On board with ITV and Britain's sharks

Where are the sharks?
That was the question repeatedly going through the mind of Dr Nick Higgs as he sat on board the vessel at the centre of one of the most innovative British marine research projects in recent memory.

With a nine-metre whale carcass in tow, and a television crew with two celebrity presenters on board, the only thing missing from ITV’s new documentary, Britain’s Sharks, was the guests of honour.

“It was a nervous time,” says Nick, a post-doctoral research fellow and Deputy Director of the Marine Institute, reflecting on the first two days of the shoot. “The whole time we were sitting there, the directors were saying, ‘Don’t worry, we’ll make something of this regardless.’ And that’s part of the attraction of science – you can’t guarantee results – but it’s not necessarily good for television.”

As anyone who watched the final documentary over the Easter holiday, Britain’s Sharks was ultimately a resounding success in capturing on film for the very first time how whales are ‘recycled’ by the marine ecosystem in our waters. But the story of how the programme came into being in the first place is of no less interest, particularly in the sphere of science communication.

Nick joined the University in January 2013, not long after completing a PhD at the University of Leeds and the Natural History Museum, and the opportunity to be part of the documentary came his way via his former supervisor in London.

“These types of programmes have been done in Japan, the US and Sweden, but not in British waters,” Nick says. “We’d spoken to several producers in the past who were interested in doing something similar, and so it was in 2014 that I received a call from Big Wave TV.”

Big Wave TV, which has a track record of filming nature documentaries, was offering to take care of all of the logistics, including the freezing of the animal, and had already developed links with whale stranding groups. They had also obtained agreement-in-principle from the ‘Receiver of Wrecks’ at the Natural History Museum, an historic position with authority vested in it to oversee the Crown’s interest in certain maritime affairs.

“Whales are classed as ‘Fishes Royal’, like sturgeon,” Nick says, “so technically they are owned by HM The Queen!”

With a filming window of summer 2014 identified to meet the schedules of Ben Fogle and Ellie Harrison, the wait began for a whale to wash up that was suitable for the experiment – neither too large nor too small, and sufficiently intact. But despite an average of seven whales being washed up every year, the rest of the year would yield nothing. It was not until July 2015, when a nine-metre humpback whale died after becoming entangled in fishing gear in Scottish waters, that the programme-makers were able to give the green light.

At the end of August, Nick boarded the research vessel at Yelland Quay, near Bideford, and the crew set off, towing the whale behind them. They got to Lundy the next day and were forced to stay there due to the bad weather. And it was at this moment that a very different story hit the media.

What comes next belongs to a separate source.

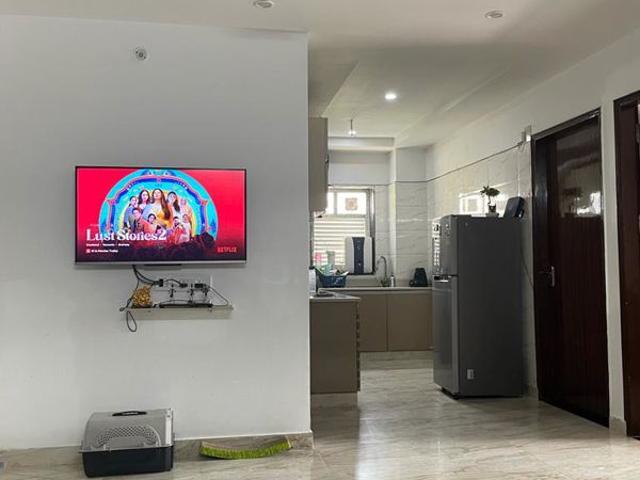 Resale | 6 BHK + Prayer Room,Servant Room,Extra Room,Basement 500 Sq.Yd. Villa in Greater Kailash II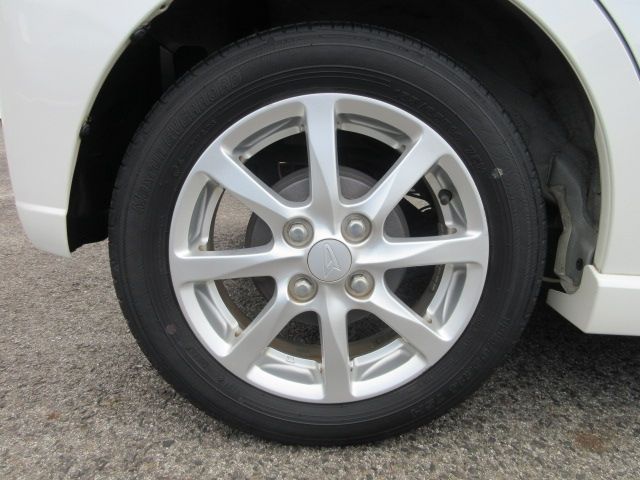 DAIHATSU MOVE CUSTOM 2013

Nick recalls: “The newspapers started to report that we were baiting for great white sharks, and there were discussions around whether that was irresponsible. So Ben Fogle had to do satellite interviews with ITV breakfast shows, which in a way worked to our advantage because we were able to convey the message that this was a scientific study. And the reality at that time was that we were still in inshore waters and we were not seeing any scavengers at all!”

The following day, the team reached the Celtic Deeps, 35 miles off the coast of Cornwall, and that was when the blue sharks began to show up. In total, the team estimate that over the course of the next four days, 200 sharks consumed 15 per cent of the whale, ingesting some two million calories.

With a storm fast approaching, the crew had to sink the whale into the deeps, and it came to rest 86m down, with a camera for company. When Nick revisited the site six months later, he was amazed by what he found.

“The whale had been completely skeletonised,” he says. “After one month there was essentially a large hole in the side of the carcass, but five months later it was just bones – six tonnes of whale eaten.”

Nick is now studying the footage taken from the cameras, both of the sharks at the surface and the crabs that picked at the corpse below. An academic paper, written with fellow consultant on the documentary, Richard Pierce, of the Shark Trust, will follow.

“It deserves to be recorded that we were able to secure funding for a scientific project through television,” Nick adds. “An external company paid for it, undertook all of the logistical work, documented it, provided facilities, and were quite happy for us to do scientific testing as well.”